- Prompt
Every line from the one with "Martwa Bombardowana Planeta" to the end of the listing, and nothing else, is to be printed exactly; please leave the pictures out.

- Available data
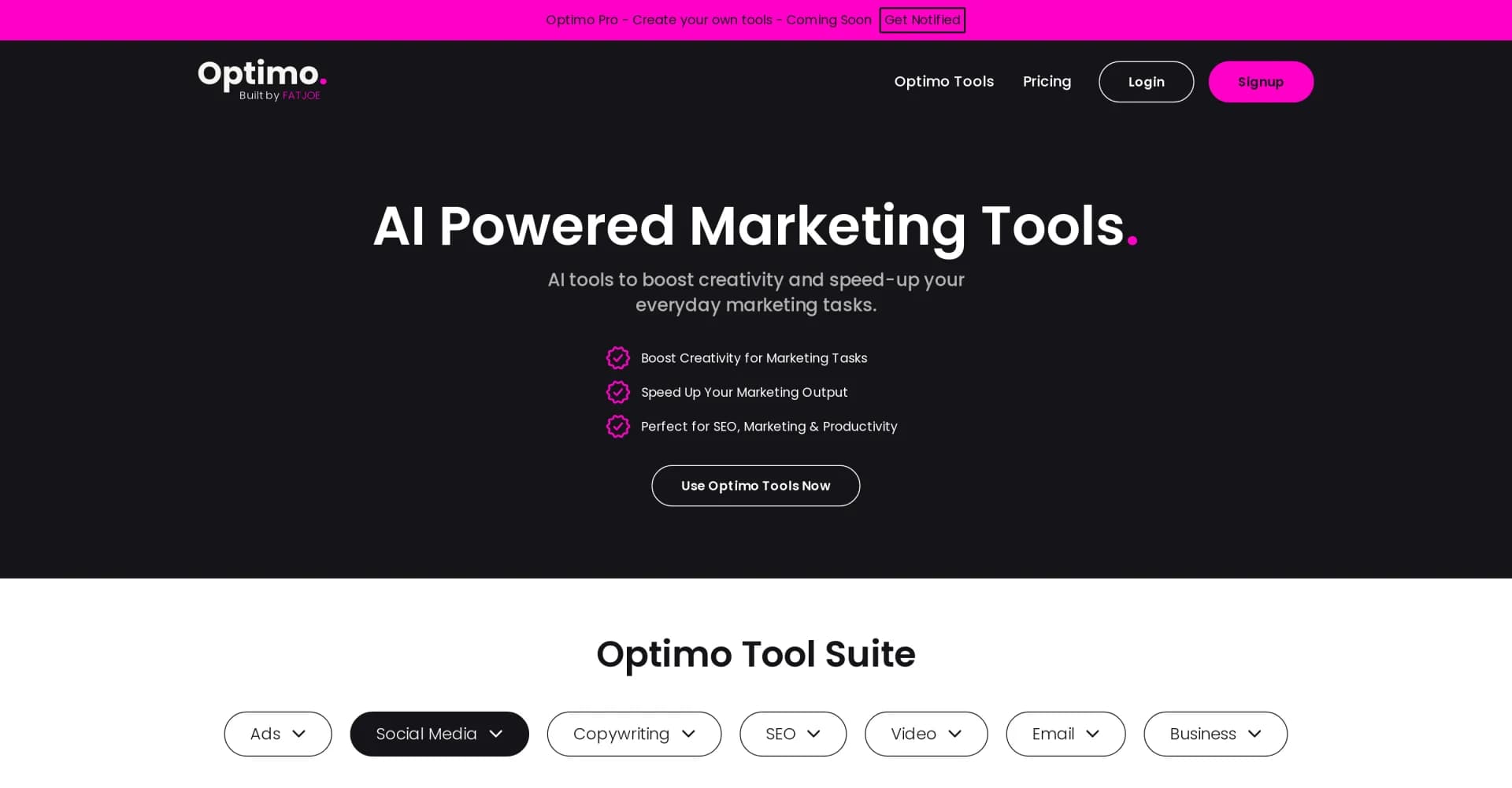 Optimo homepage screenshot — AI-powered marketing tools for instant results.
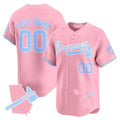 Custom Atlanta Braves Bubblegum Pink Vapor Premier Limited ¨C All Stitched Baseball Jersey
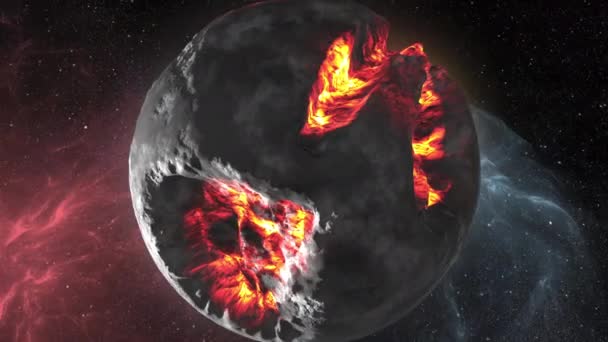 Martwa Bombardowana Planeta Blisko Słońca Kosmosie Widok Kinowy Martwej Planety — Wideo stockowe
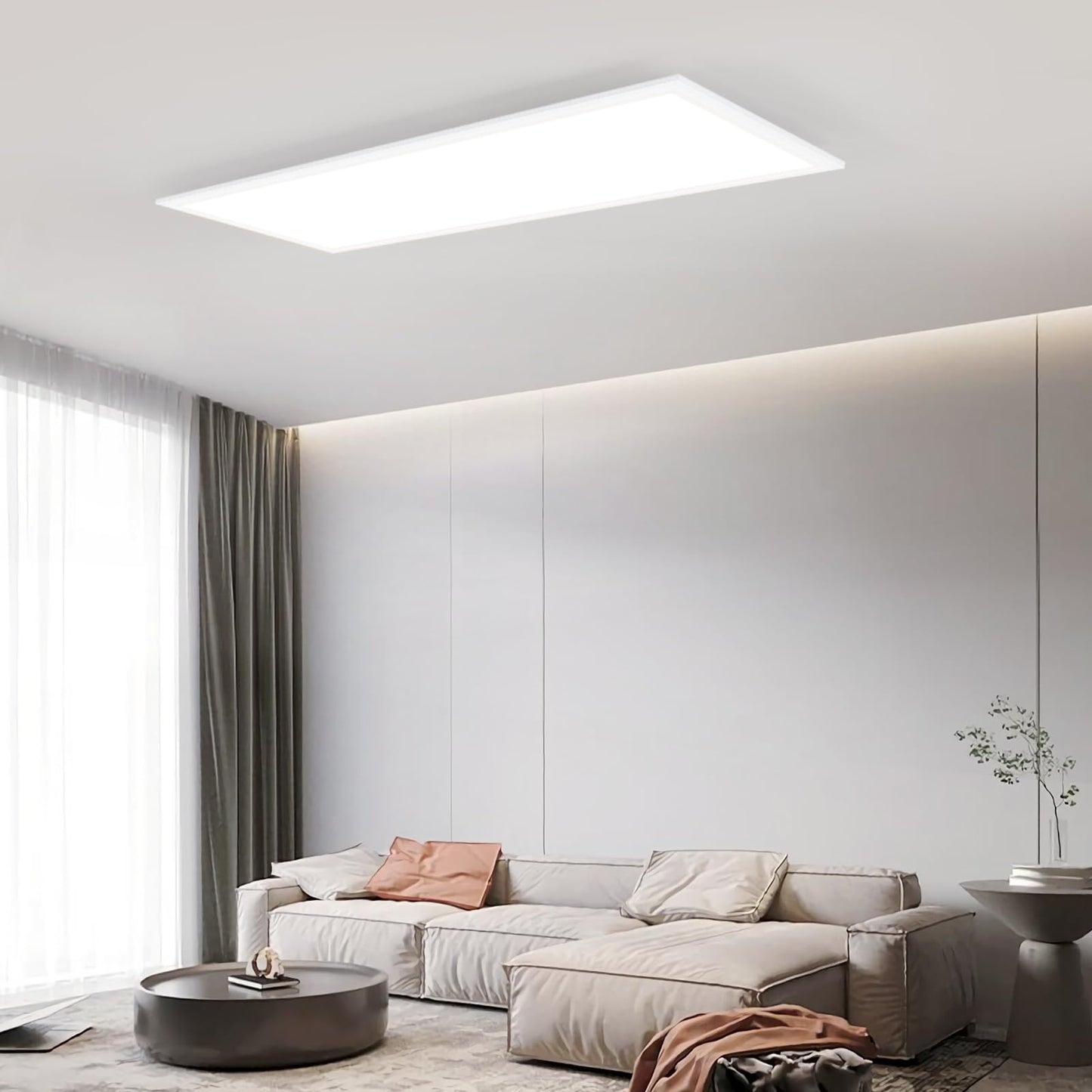 ZMH Deckenlampe LED Deckenleuchte Flach - Dimmbar Wohnzimmer Schlafzimmer K¨¹che Panel Wohnzimmerlampe Gro? 48W 120 * 30CM K¨¹chenlampe Flur Lang Rechteckig Deckenpanel B¨¹ro mit Fernbedienung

- Result of the task
 Martwa Bombardowana Planeta Blisko Słońca Kosmosie Widok Kinowy Martwej Planety — Wideo stockowe
 ZMH Deckenlampe LED Deckenleuchte Flach - Dimmbar Wohnzimmer Schlafzimmer K¨¹che Panel Wohnzimmerlampe Gro? 48W 120 * 30CM K¨¹chenlampe Flur Lang Rechteckig Deckenpanel B¨¹ro mit Fernbedienung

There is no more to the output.